To understand what dogs feel, we must turn to research done to explore the emotions of humans. It is the case that not all people have the full range of all possible emotions, and, in fact, at some points in your life you did not have the full complement of emotions that you feel and express today. There is much research to demonstrate that infants and very young children have a more limited range of emotions. It is over time that the infant’s emotions begin to differentiate and develop and, by the time they’ve reached adulthood, their range of emotional experiences is quite broad.

Why is such data important to understanding emotional lives of our dogs? Researchers have now come to believe that the mind of a dog is roughly equivalent to that of a human who is two to two-and-a-half years old. This conclusion holds for most mental abilities as well as emotions. Thus, we can look to the human research to see what we might expect of our dogs. Just like a two-year-old child, our dogs clearly have emotions, but many fewer kinds of emotions than found in adult humans.

At birth, a human infant only has an emotion that we might call excitement. This indicates how excited he is, ranging from very calm up to a state of frenzy. Within the first weeks of life the excitement state comes to take on a varying positive or a negative flavour, so we can now detect the general emotions of contentment and distress. In the next couple of months, disgust, fear, and anger become detectable in the infant. Joy often does not appear until the infant is nearly six months of age and it is followed by the emergence of shyness or suspicion. True affection, the sort that it makes sense to use the label “love” for, does not fully emerge until nine or ten months of age.

The complex social emotions—those which have elements that must be learned—don’t appear until much later.
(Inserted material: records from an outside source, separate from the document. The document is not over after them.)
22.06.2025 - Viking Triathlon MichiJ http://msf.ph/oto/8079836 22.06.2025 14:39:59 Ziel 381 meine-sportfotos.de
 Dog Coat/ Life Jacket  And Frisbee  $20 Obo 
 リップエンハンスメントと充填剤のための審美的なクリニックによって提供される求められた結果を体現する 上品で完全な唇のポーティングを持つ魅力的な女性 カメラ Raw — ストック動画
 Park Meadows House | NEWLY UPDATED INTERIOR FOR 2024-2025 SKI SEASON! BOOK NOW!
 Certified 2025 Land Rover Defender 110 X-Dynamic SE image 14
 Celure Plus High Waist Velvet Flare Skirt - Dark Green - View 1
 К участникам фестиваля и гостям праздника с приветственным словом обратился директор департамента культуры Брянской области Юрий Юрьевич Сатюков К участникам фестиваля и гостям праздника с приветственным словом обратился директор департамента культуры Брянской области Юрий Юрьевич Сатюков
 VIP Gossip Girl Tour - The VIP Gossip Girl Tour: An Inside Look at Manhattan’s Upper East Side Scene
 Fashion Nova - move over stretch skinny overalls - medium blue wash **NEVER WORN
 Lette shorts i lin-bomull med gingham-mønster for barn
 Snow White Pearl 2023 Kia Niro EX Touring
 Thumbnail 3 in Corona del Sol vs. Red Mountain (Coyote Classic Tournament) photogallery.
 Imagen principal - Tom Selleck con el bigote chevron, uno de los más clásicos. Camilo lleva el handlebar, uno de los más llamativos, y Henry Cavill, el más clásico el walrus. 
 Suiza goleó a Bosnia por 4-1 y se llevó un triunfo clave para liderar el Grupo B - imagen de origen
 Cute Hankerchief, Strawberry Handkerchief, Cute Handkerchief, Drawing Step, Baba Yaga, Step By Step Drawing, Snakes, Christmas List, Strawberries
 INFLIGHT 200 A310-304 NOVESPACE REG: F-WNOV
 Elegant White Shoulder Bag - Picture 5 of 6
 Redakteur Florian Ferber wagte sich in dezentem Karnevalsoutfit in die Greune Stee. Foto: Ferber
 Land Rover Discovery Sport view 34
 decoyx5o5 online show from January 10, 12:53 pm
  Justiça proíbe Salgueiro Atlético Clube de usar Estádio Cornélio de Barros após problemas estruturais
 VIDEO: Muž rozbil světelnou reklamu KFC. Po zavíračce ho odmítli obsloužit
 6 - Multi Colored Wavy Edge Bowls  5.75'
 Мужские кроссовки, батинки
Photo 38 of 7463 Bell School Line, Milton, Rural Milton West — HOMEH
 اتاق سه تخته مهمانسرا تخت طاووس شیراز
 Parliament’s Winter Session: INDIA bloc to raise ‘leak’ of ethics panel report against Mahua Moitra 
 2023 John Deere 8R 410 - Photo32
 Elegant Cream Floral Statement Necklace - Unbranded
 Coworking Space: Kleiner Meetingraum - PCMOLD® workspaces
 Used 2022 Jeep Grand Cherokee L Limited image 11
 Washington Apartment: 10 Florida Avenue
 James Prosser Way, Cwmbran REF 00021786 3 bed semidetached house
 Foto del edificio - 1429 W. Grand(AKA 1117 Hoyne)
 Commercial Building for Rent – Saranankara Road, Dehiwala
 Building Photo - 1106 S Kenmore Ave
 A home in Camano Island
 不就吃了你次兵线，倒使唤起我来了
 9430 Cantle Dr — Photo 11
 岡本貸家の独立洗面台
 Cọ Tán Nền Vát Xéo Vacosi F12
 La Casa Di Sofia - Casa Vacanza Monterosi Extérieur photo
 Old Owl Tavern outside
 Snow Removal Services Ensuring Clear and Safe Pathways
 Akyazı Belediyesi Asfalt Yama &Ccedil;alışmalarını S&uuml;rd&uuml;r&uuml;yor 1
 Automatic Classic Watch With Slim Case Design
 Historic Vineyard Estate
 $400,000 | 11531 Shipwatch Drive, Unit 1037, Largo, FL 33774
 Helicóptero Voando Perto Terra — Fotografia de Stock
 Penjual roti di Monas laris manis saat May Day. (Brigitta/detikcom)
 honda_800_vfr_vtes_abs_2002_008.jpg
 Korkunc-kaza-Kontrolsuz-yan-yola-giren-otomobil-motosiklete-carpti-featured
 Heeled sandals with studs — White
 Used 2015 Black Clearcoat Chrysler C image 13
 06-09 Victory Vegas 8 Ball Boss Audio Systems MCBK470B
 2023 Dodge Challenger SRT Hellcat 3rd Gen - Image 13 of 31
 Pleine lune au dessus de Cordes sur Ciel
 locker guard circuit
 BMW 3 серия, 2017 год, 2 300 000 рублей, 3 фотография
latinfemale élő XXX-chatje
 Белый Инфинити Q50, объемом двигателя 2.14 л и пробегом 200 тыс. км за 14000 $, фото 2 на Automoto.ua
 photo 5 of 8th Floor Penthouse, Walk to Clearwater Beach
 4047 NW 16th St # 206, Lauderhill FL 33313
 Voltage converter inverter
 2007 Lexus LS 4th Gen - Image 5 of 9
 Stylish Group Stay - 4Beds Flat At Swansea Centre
Shame and pride take nearly three years to appear, while guilt appears around six months after that. A child is nearly four years of age before she feels contempt.

Dog emotional development chart

The Emotions that Dogs Actually Experience

This developmental sequence is the golden key to understanding the emotions of dogs. Dogs go through their developmental stages much more quickly than humans do and have all of the emotional range that they will ever achieve by the time they are four to six months of age (depending on the rate of maturation in their breed).

The important fact is that we know that the assortment of emotions available to the dog will not exceed that which is available to a human who is two to two-and-a-half years old. This means that a dog will have all of the basic emotions: joy, fear, anger, disgust, and, yes, love, but the dog does not experience the more complex emotions like guilt, pride, and shame.

Many would argue that they have seen evidence indicating their dog is capable of experiencing guilt. The usual situation recounted is one in which you’ve come home and your dog starts slinking around showing discomfort, and you then find that he has left a smelly brown deposit on your kitchen floor. It is natural to conclude that the dog was acting in a way that shows that he is feeling guilty about his transgression.

Despite appearances, this is not guilt, but simply a display of the more basic emotion of fear. Your dog has learned that when you appear and his droppings are visible on the floor, bad things happen to him. What you see is his fear of punishment; he will never feel guilt because he is not capable of experiencing it.

Learn more about the signs of separation anxiety in dogs and other training tips to help.

The Important Takeaways

So what does this mean for those of us who live with and interact with dogs? The good news is that you can feel free to dress your dog in that silly costume for a party. He will not feel shame, regardless of how ridiculous he looks. He will also not feel pride at taking home the top prize in a dog show or an obedience competition. But your dog can indisputably feel love for you and derive contentment from your company, and that’s really the crux of the matter, isn’t it? Like the Beatles sang, “all you need is love.” Thank goodness our dogs provide it in spades.